Work order. Reproduce the records exactly through the line with "2023 kpop song (part 1)".

The records.
────────────────
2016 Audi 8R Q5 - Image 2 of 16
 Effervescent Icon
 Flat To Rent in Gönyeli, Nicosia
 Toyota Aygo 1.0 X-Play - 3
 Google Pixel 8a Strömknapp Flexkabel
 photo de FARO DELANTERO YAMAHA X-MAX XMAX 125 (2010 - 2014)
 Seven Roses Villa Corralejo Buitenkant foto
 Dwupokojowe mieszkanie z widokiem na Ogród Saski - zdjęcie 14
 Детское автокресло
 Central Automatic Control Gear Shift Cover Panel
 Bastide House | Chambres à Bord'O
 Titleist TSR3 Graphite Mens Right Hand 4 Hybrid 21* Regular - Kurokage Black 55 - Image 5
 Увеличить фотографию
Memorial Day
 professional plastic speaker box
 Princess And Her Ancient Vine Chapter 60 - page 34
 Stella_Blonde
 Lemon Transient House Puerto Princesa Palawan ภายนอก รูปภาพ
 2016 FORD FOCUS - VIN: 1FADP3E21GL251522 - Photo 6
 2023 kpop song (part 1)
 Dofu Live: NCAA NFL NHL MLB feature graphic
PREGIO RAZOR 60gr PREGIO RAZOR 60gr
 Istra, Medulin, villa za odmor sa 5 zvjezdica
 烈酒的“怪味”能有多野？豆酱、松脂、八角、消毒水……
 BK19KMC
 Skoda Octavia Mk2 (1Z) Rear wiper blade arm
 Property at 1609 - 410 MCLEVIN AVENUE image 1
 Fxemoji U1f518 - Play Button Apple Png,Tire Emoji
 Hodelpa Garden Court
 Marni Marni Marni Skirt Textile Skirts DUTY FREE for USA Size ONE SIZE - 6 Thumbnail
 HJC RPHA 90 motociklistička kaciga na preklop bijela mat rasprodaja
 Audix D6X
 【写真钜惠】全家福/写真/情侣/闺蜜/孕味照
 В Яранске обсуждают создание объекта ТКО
────────────────
Solution for this problem.
2016 Audi 8R Q5 - Image 2 of 16
 Effervescent Icon
 Flat To Rent in Gönyeli, Nicosia
 Toyota Aygo 1.0 X-Play - 3
 Google Pixel 8a Strömknapp Flexkabel
 photo de FARO DELANTERO YAMAHA X-MAX XMAX 125 (2010 - 2014)
 Seven Roses Villa Corralejo Buitenkant foto
 Dwupokojowe mieszkanie z widokiem na Ogród Saski - zdjęcie 14
 Детское автокресло
 Central Automatic Control Gear Shift Cover Panel
 Bastide House | Chambres à Bord'O
 Titleist TSR3 Graphite Mens Right Hand 4 Hybrid 21* Regular - Kurokage Black 55 - Image 5
 Увеличить фотографию
Memorial Day
 professional plastic speaker box
 Princess And Her Ancient Vine Chapter 60 - page 34
 Stella_Blonde
 Lemon Transient House Puerto Princesa Palawan ภายนอก รูปภาพ
 2016 FORD FOCUS - VIN: 1FADP3E21GL251522 - Photo 6
 2023 kpop song (part 1)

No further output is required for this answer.